A lot has happened in cinema since the first ever Hellboy movie hit cinemas way back in 2004. It is for that reason that the new Hellboy doesn’t shock us the way that the old film did. Superhero movies now seem to hit the cinema every other week, there is no big countdowns to when the next will arrive and perhaps the biggest shock value of Hellboy – the gore and swearing is also now the norm thanks to Deadpool.
Having said that though Hellboy does hold up and is enjoyable, just don’t expect the same feelings of seeing something so fresh and new like you did as the final credits rolled back in 2004. It is like director Neil Marshall (The Descent, Dog Soldiers) and screenwriter Andrew Cosby (Haunted, Eureka) anticipated that and instead went about creating a film with a strong screenplay that manages to capture the attention of its audience in other ways.
This reboot finds Hellboy (David Harbour – The Green Hornet, Suicide Squad) working for his father, Professor Broom (Ian McShane – Deadwood, Snow White And The Huntsman) in The United States Bureau For Paranormal Research And Defense hunting down whatever the paranormal can send their way.
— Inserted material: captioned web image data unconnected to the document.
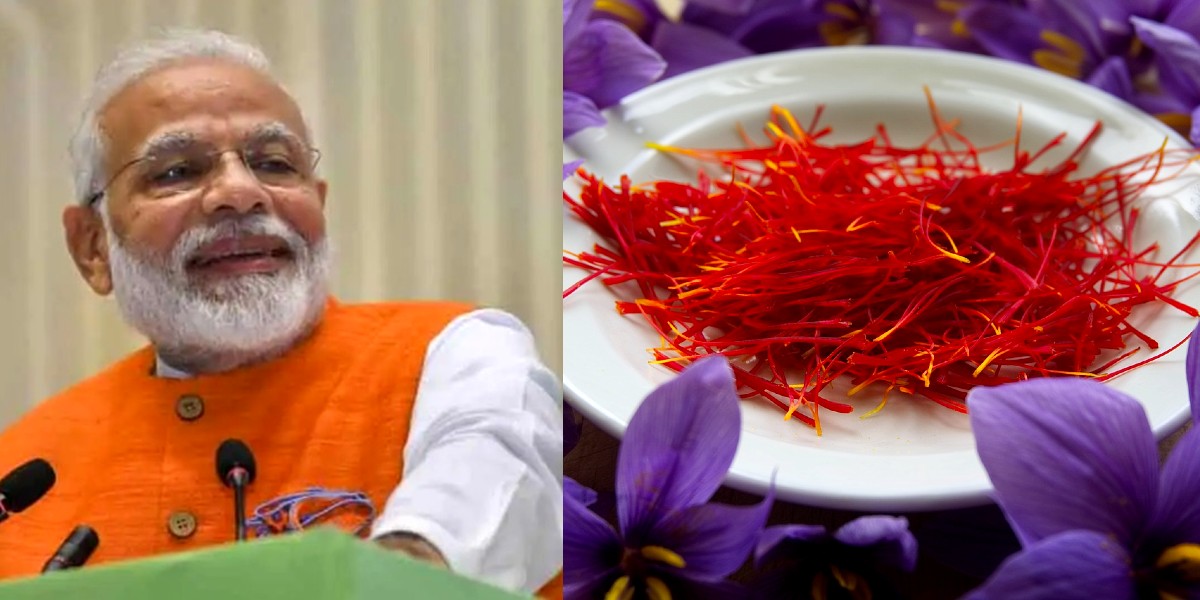 PM Modi Urges Indians To Buy Kashmiri Saffron & Make It Popular Globally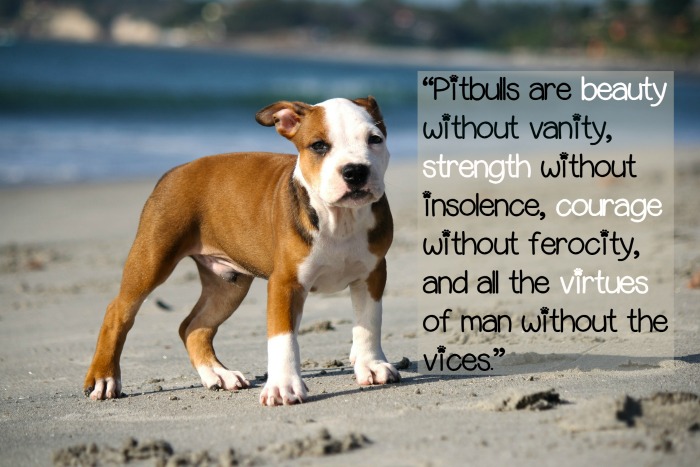 Pitbull Puppy Love: Quotes About Pitbulls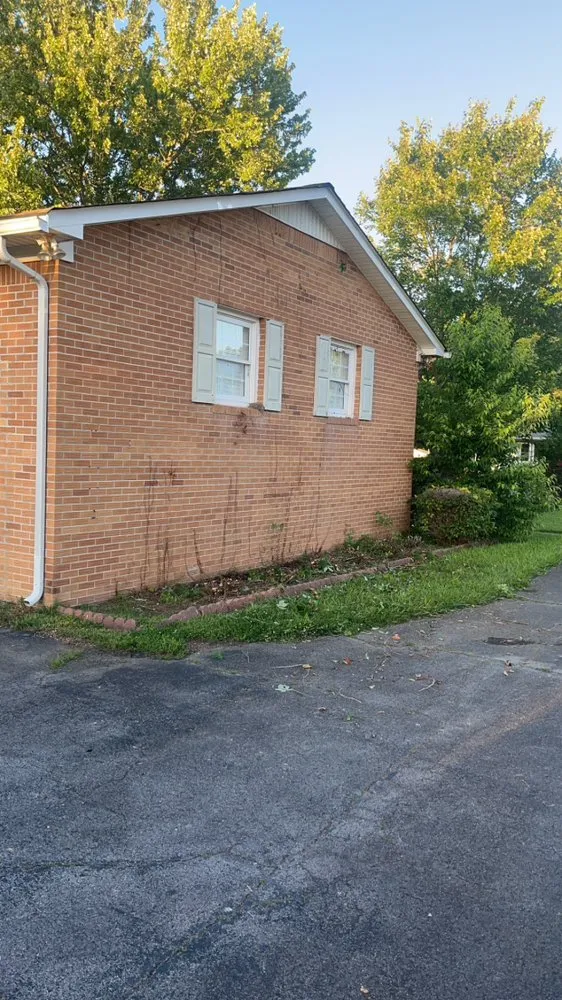 Top-rated yard cleanup service near you across Smithville, TN - D&S Lawn Care Maintenance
The organisation becomes tested though when a alliance is severed in spectacular events and Hellboy finds himself in England having to team up with a talented young psychic called Alice (Sasha Lane – American Honey, Daniel Isn’t Real) and Ben Daimio (Daniel Dae Kim – The Cave, Insurgent) – an army Major who simply doesn’t trust Hellboy. The team are forced together after it is learnt that a demonic pig named Gruagach (Stephen Graham – This Is England, Snatch) is gathering the pieces that will put the powerful Blood Witch Nimue (Milla Jovovich – The Fifth Element, Resident Evil) back together and help her rise once again.
The thing that stands out most about Hellboy is that its screenplay allows it to play out in a more natural way than most superhero movies do these days. It is not just relentless action sequence after action sequence, instead the film paces out its action so that scenes such as Hellboy taking on the giants does actually feel like an event within the film itself. Likewise the film does contain twists and turns that do keep the audience on their feet and while the film is an origins story of sort it is like Marshall knows that most of the film’s audience will already know the Hellboy story so only touches on it when he needs to rather than cluttering the film with unnecessary exposition and flashbacks.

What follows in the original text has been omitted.